Sharyl: And in looking at the other side, in fairness — there is a Chinese threat to our technology; I think it’s well established. How would you think it could be better balanced that the United States is vigilant in protecting its technology and its secrets, but at the same time not accusing innocent people of doing something wrong?

Xi: I want to say that the fact that the Department of Justice is spending this much resource on these innocent Chinese-American academics, the question I would ask is, are they really catching real spies, right? Are they spending taxpayers’ money responsibly in protecting our country.

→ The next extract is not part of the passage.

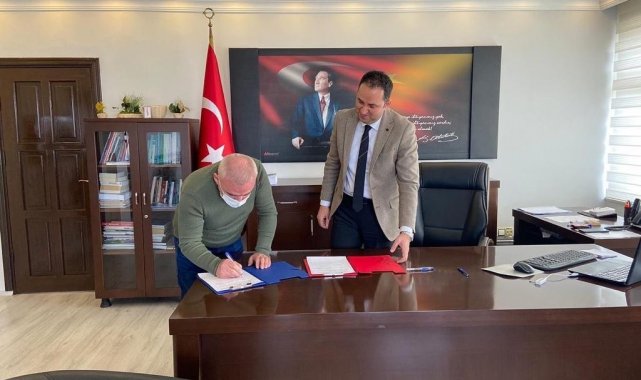 Bolvadin'de 3 yatırımcı firmayla sözleşme imzalandı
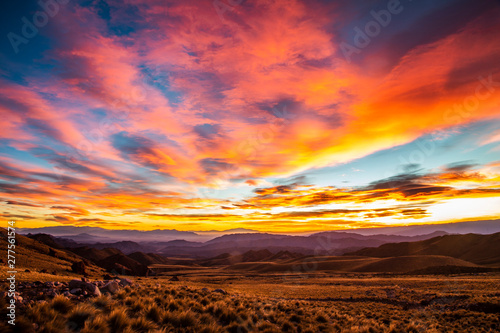 Splendida alba a Tres Piedras, nella riserva naturale Famatina, La Rioja, Argentina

Sharyl: How did this impact your life?

Xi: Oh, that’s dramatic. That’s significant. Most people do not realize that when the government charge somebody, it’s not necessarily true, right? They all assume that “the government charged somebody; this guy must have done something wrong.” So, we always carry that, you know, stigma, right? And so, we “must have done something wrong.” So that’s very damaging.

The FBI declined our interview request, but has denied racially targeting scientists of Chinese descent.

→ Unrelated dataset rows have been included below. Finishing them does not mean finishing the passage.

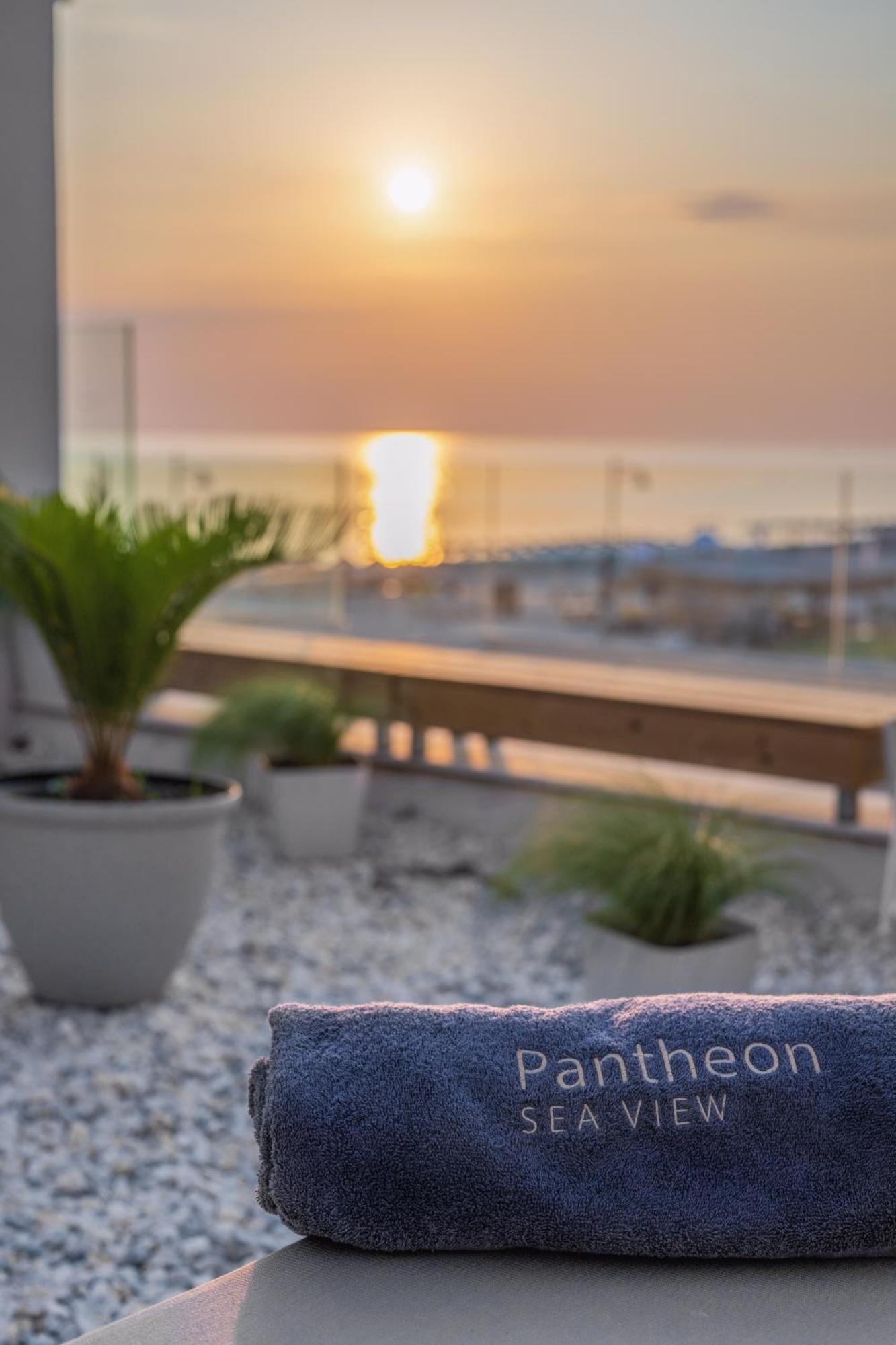 אפרטהוטל ניי פורי Pantheon Sea View מראה חיצוני תמונה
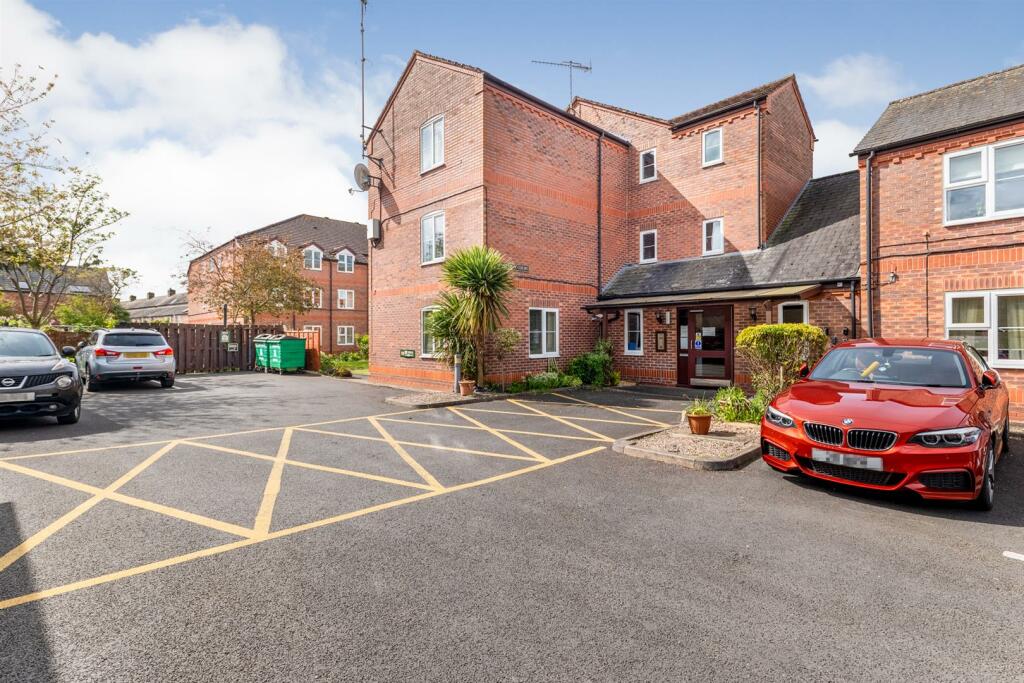 2 bedroom retirement property for sale in Ganderton Court, Pershore, WR10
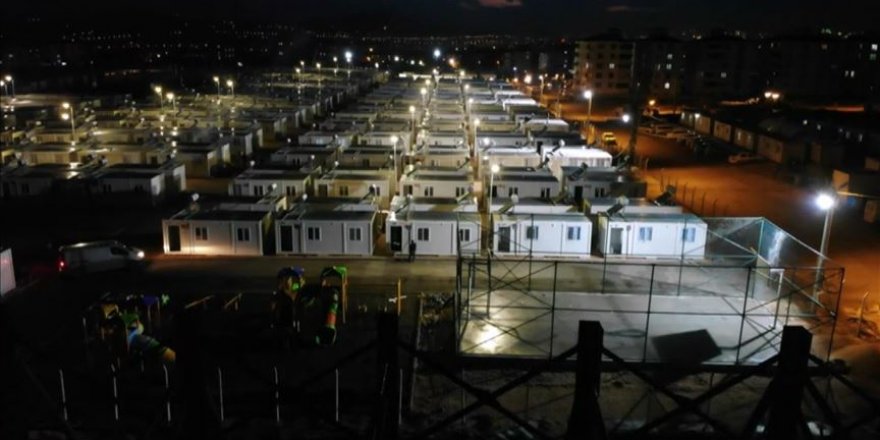 Elazığ'da konteyner kent kurulum çalışmaları sürüyor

FBI Director Christopher Wray was asked about the subject at an appearance last December.

Christopher Wray/FBI Director (Dec. 2, 2022): But then sometimes there are criminal cases. You mention some that we lost, some that we dropped. There of course have been quite a few that we won as well. And I respect the decisions of juries and judges that have found against us.

Xi says he’s determined to try to help make it where other Chinese-American scientists don’t share a similar life-altering experience.

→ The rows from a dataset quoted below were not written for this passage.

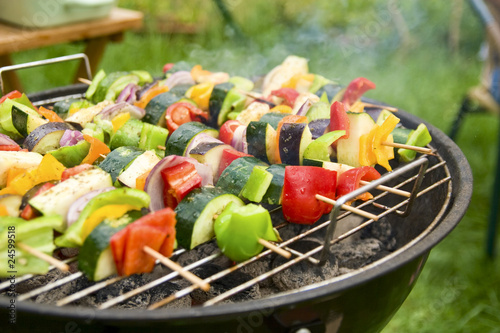 Gemüsespieße grillen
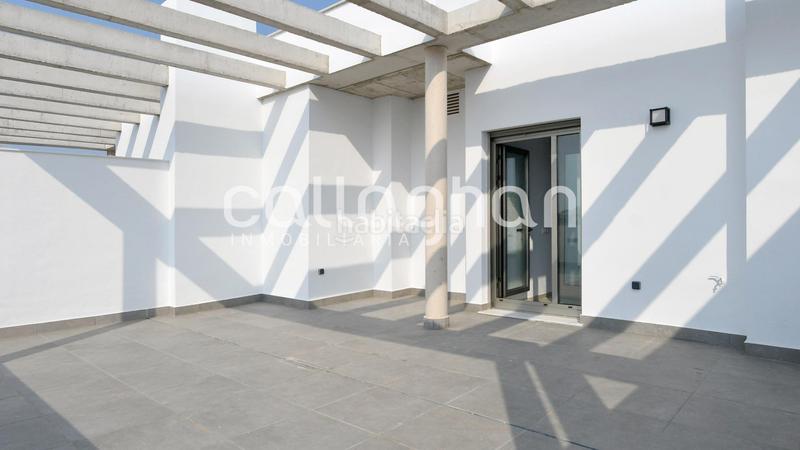 Foto 6ed34293-9e47-4a94-89a2-fdfd53412088. Attico con riscaldamento parcheggio in Zona Avenida Alta - Auditorio Torrent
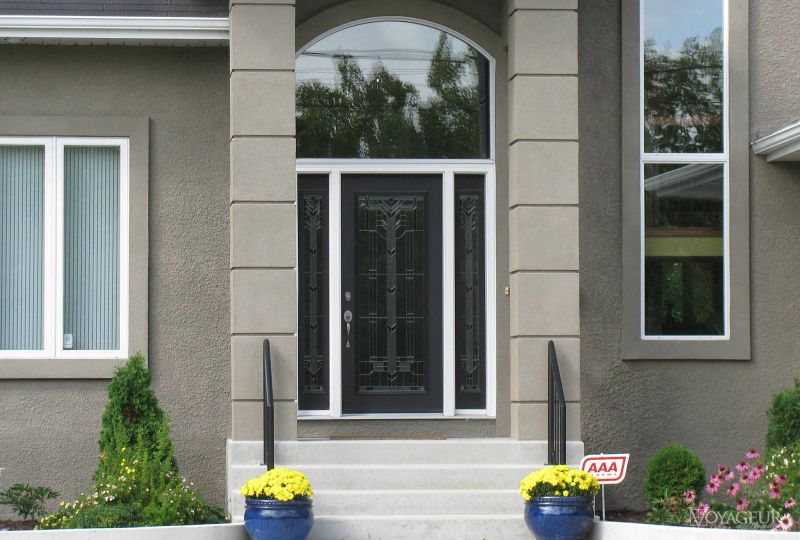 Door with Sidelights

Xi: One thing is the fear that it created in our mind, right? Not only my mind; my wife, my daughters, we all learned how government can twist something, which is nothing, to charge somebody, right? Even if they are innocent.

Sharyl (on-camera): Prosecutors recently asked a judge to dismiss criminal charges against a New York City police officer and Army reservist whom the FBI had charged with being a Chinese spy in 2020.

Watch story here.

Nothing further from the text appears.